[Pvfs2-developers] [PATCH] threaded kmod helper

Phil Carns carns at mcs.anl.gov
Thu Feb 21 14:58:00 EST 2008


Sam Lang wrote:
> 
> On Feb 14, 2008, at 4:34 PM, Pete Wyckoff wrote:
> 
>> Add --enable option to build a threaded pvfs2-client-core, that is,
>> an executable linked against pvfs2-threaded.so.
>>
>> Remove the "--threaded" argument from pvfs2-client.  Whatever version
>> of client-core that was configured is all that is available at runtime.
>> It will always be installed as pvfs2-client-core.
>> ---
>> Makefile.in                          |   15 +++++++--------
>> configure                            |   17 +++++++++++++++--
>> configure.in                         |   20 ++++++++++++++++++++
>> src/apps/kernel/linux/module.mk.in   |    9 ++++++---
>> src/apps/kernel/linux/pvfs2-client.c |   31 
>> ++-----------------------------
>> 5 files changed, 50 insertions(+), 42 deletions(-)
>>
>>
>> What does everybody think about this?  I had complained a long time
>> ago about always getting a pvfs2-client-core and
>> pvfs2-client-core-threaded during a kernapps build.  The latter
>> brings in the entire libpvfs2-threaded.a and all the objects for
>> that.
>>
>> I don't have a feel for who uses the threaded client core.  The only
>> way to use it now is to start pvfs2-client with the "--threaded"
>> option.  So I made the --enable option default to off.  Is there a
>> reason to want both threaded and non-threaded versions installed?
> 
> I think the patch looks great.  My only concern is that this will make 
> the threaded client daemon never get used.  My view is that we should 
> probably have the threaded version as the default.  I think in the 
> general case, the threaded version is going to perform better.  Its 
> pretty hard to buy a system that doesn't have at least two cores today, 
> and even on a uni-processor system, the performance of the threaded 
> daemon shouldn't be much worse than the non-threaded.
> 
> I originally added the threaded client functionality to see if it would 
> help performance, but it turned out to be buggy.  Maybe with Phil's 
> recent thread-safety fixes to the system interfaces, we should revisit 
> making the threaded daemon the default.

FYI, I think the threaded client just got a boost in stability.  There 
was a subtle bug in the how the job thread mgr was dealing with the 
device that made it possible for it to pull operations out that could 
not be handled.  I think this could technically happen even with the 
non-threaded client, but this hasn't been a big deal because it could 
only be triggered with a) a lot of concurrent operations b) and a 
pvfs2-client-core daemon running fast enough to empty out the device 
queue (much easier w/ a dedicated thread).
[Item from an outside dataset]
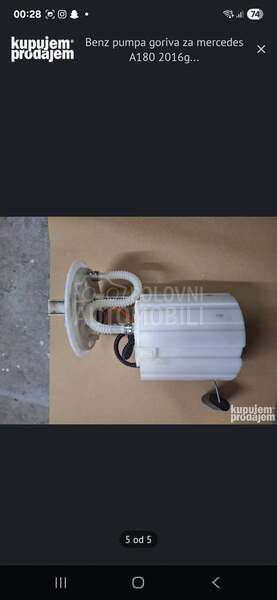 benz pumpa goriva ORIGINAL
There was also in the last week or two a fix to how bmi_tcp kept track 
of socket errors that I suspect was relevant to the threaded client core 
as well, but I was tracking that down in the context of some server 
stuff so I can't say for sure.

I agree with everything in this email thread, just commenting on the 
state of the threaded client in case anyone following was curious.

> I'm not sure that the overhead of a single operation will be affected 
> much, honestly.  We can't disable threads and locking entirely, since we 
> need the remount thread running.  I think the patch I just committed to 
> fix the segfault in HEAD will likely help with individual operation 
> performance more than disabling threads would.  Just my 2c though.
>  Its hard to get a feeling for how much the threaded daemon would help 
> without a thorough performance analysis of the two on a number of 
> different systems.  Something I would like to do at some point, but its 
> pretty low on the list.

I don't have a good feel for the threaded / non threaded impacts 
performance either without looking into it more.

For the non-threaded version, that remount thread really bugs me.  It 
seems like there has to be another way to accomplish whatever its doing. 
  Its a shame to have to pull in lpthread and turn on all of the library 
locks when the client-core doesn't need either for 99% of what it does.